In the end, individualism will progress a society further than collectivism. Everyone should be judged by who they are as a person. Our government, colleges and employeers should see who someone is as a person. What values they hold, what they accomplished, what they can contribute, the skills they have etc. A person being of the required country, skin color or gender to meet a quota shouldn't be a factor in determining what they achieve. How hard they work and what they have accomplished should be. 








One thought on “Merit vs. Quota – Which System Will Progress a Society Further?

  • January 27, 2018 at 11:05 pm


    Thank you for taking the time to express yourself at great length.

    In the future, I hope that you can focus on just a few parts of your broad argument in order to make it more coherent. Many times you bring up points that have no evidence and make little logical sense. Even if you give one example of why something may be a certain way, if you do not support it from multiple angles, place it in context, and defend it from at least a few common counter-arguments, you are doing nothing more than stringing a few ideas together in a rough way, much like a child painting a picture of a sunset, throwing a sun and a couple of birds against a blue sky and calling it art. 

    Now if I left my criticism as is, this would be about as weak as most of your points. So let me go in depth on just one. I do not have time to go into great detail on each and every one of your points and for that I apologize. 

    "If you look around the world and see the state of chaos that so many nations are in you can make an accurate assumption that the motives of many of the nations inhabitants are not motives we in America would deem to be morally pure, or even moderate. With this observation you can make an accurate presumption that the incentives of everyone coming here are not always what we as Americans believe to be moderate or acceptable incentives." (end of pararaph 4)

    While there are areas of the world in which is "chaos" as in the middle east, that does not mean that you can make any sort of "accurate assumption" about "many of the nations inhabitants". Moreover, this is both an extremely broad and vague statement. At its core, the only argument you make here is one based on a basic emotional response: fear. When you cite chaos, alluding to violence and unrest that you do not understand, it illicits fear. This is the only point you make: that you see scary things happening elsewhere in the world and you are fearful as a result. You follow this up with an exaplanation for this violence: those people have negative intentions and thats why there are bad things. Ok why? How? You are simply making a first glance assessement of a complicated situation which you do not claim to know anything about beyond that it is "scary".

    If for example, someone living in another country were to watch a news station which only depicted mass shootings and police brutality in America, you could come to a similar conclusion about the USA. Now this is a weak point because we do not have the level of violence that exists in the middle east, but so is your broad assumption about the middle east based on a similar level of skin level information. Perhaps it is only a minority of people causing such carnage, in the same way that a deplorable few in America choose to walk into crowded spaces and murder countless people.
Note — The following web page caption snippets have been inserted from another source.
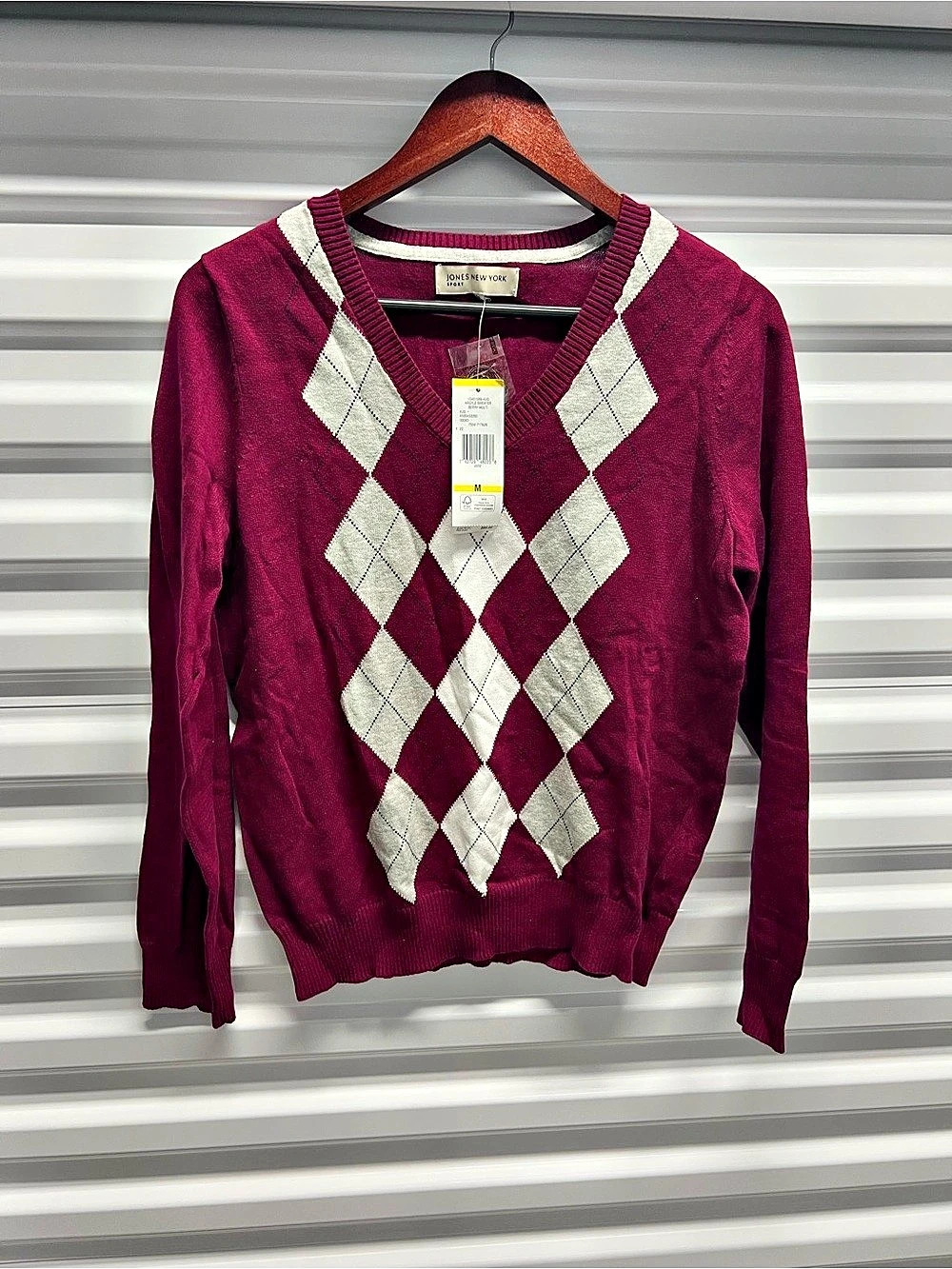 Jones New York Argyle Cotton Sweater in Purple & White Size Medium NWT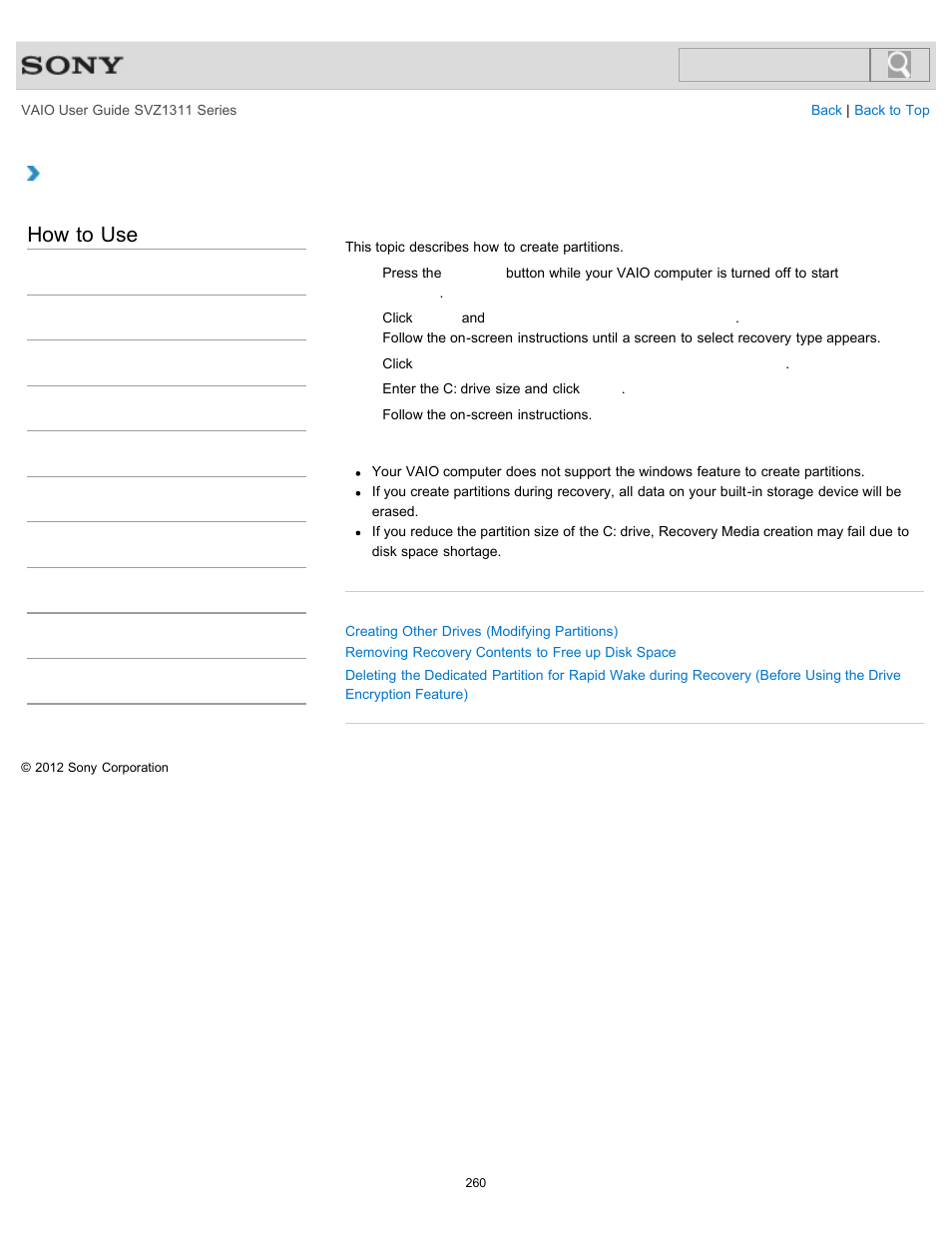Creating partitions during recovery, Details, How to use | Sony SVZ13116GXX User Manual | Page 260 / 411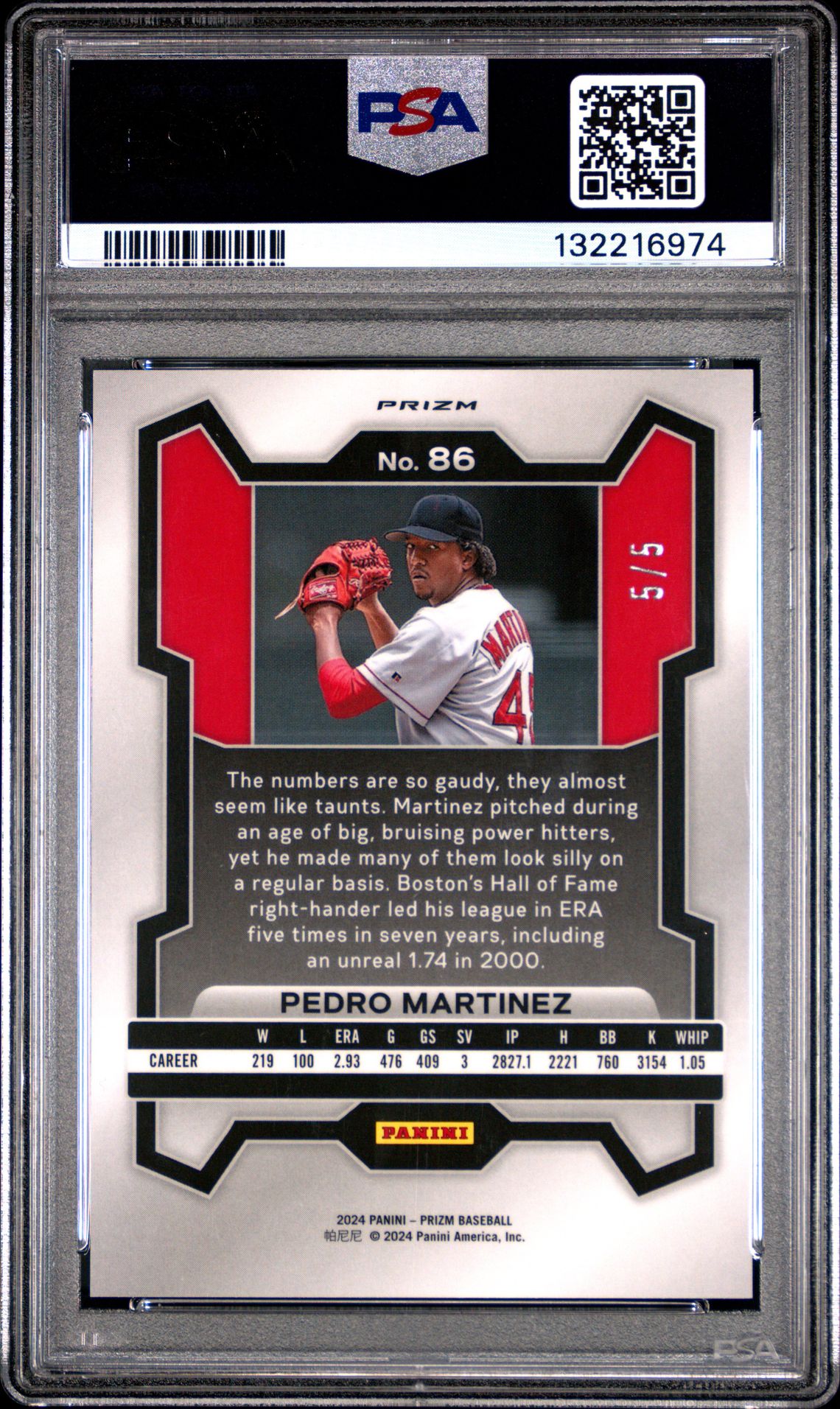2024 Panini Prizm Pedro Martinez #86 (Black Gold Prizm) Gem Mt 10 back view - PSA certificate #132216974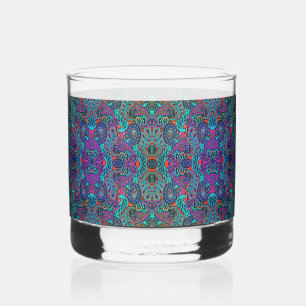 Vaso De Whiskey patrón de cachemira de pavo real cósmico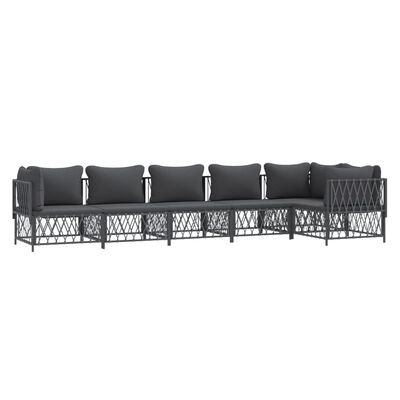 vidaXL 6 Piece Garden Lounge Set with Cushions Anthracite Steel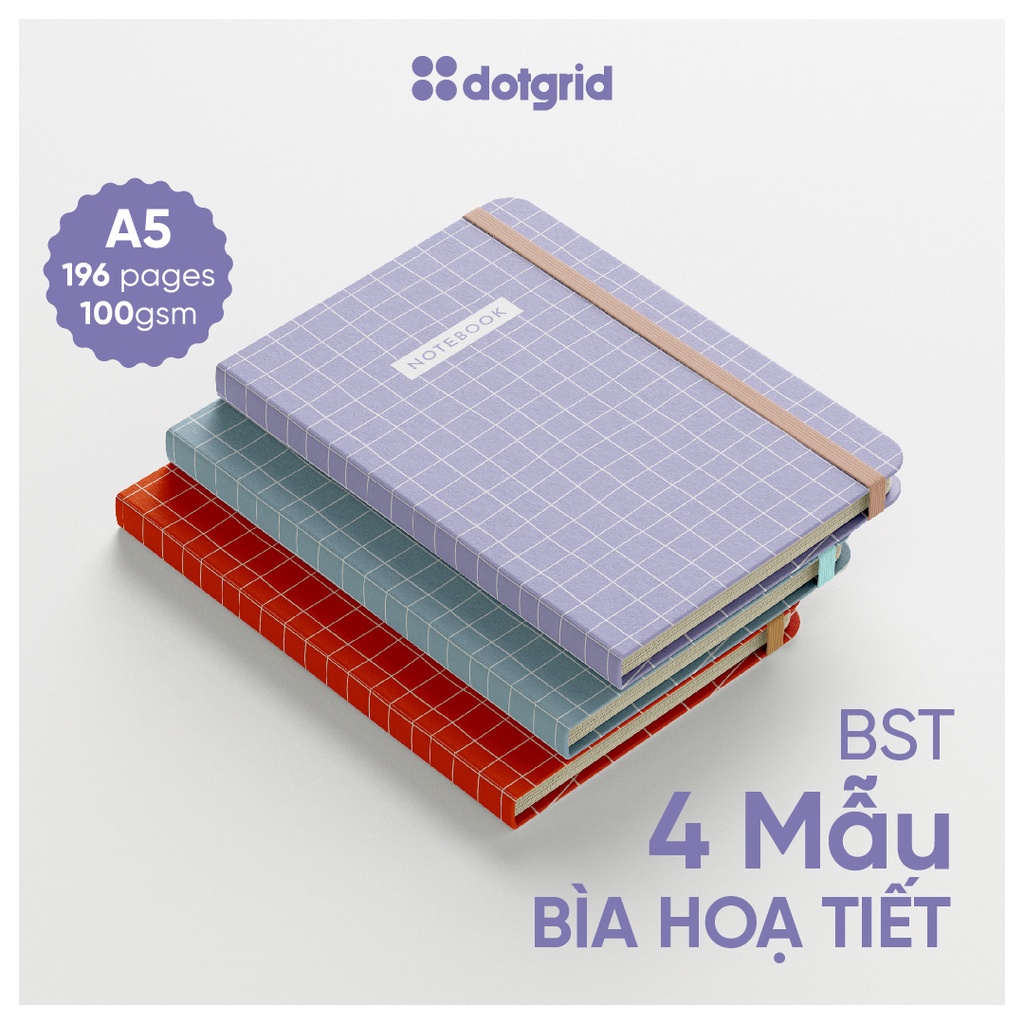 Sổ tay Topic Grid A5 dành cho Bullet Journal 196 trang (Chấm/Caro/Kẻ ngang/Trơn)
Using your same logic, that person abroad could think "oh they must all have bad intentions". It is an example of a greater argument that you do not cite explicitly but is hinted out throughout your article. That there are inherent negatives associated with people from other cultures and that they must be causally connected.


    Your argument rests on the fear evoqued when you bring up violence and unrest, which you tie to people of other cultures. Understand that this is all you have. This is a vestigial knee-jerk reaction that was helpful to pre-civilization humans who did not have the ability to understand other situations or human experiences, but today is immoral exactly because we have so many resources and intellectual abilities to understand other human experiences. Your argument is about the same as feeling fearful of people that look different than you for that reason alone. Sure, if you do not have experience being around people that are different than you you will feel less comfortable than you would with people that you have been around your entire life. But does that mean that there is anything to actually be fearful of? Not at all. Maybe there is, but just because they look different than you you have no reason to think that.

    You consistently use terms like "accurate assumption" and "accurate presumption". Never in your article do these terms communicate anything other than a plee that "it is ok to think what you want about this situation based on a feeling that I just evoqed in you". Humans are at a point where we cannot continue to think like this. We have to think about how we feel and really ponder why that is.

    When I was 24 I bought a house in a neighborhood that was by many accounts on the wrong side of the tracks. After running countless simulations in financial spreadsheets and examining the house from every angle imaginable, I was convinced that it was a sound investment. However for weeks I could not bring myself to close the deal. I was afraid. I was afraid of living around people I had not grown up around, such as a group of old people living in a house behind mine sharing a small house because they could afford nothing else. The house next door to mine had an aggressive "do not enter sign", had been poorly reconstructed to accomodate 4 units, and had peeling paint all over the outside of the house. The front porch sagged, and was littered with random pieces of furniture, like the corner of a goodwill. There was a old drunk man who came outside at noon each day to buy his daily liqour, wearing the same tattered and stained t-shirt and faded jeans. There were couples who I would hear yelling at each other as they walked down the street. There was a mentally disabled man who once asked me to turn off the disco lights in my garage because they were keeping him up at night (there were none, he was schizofrenic).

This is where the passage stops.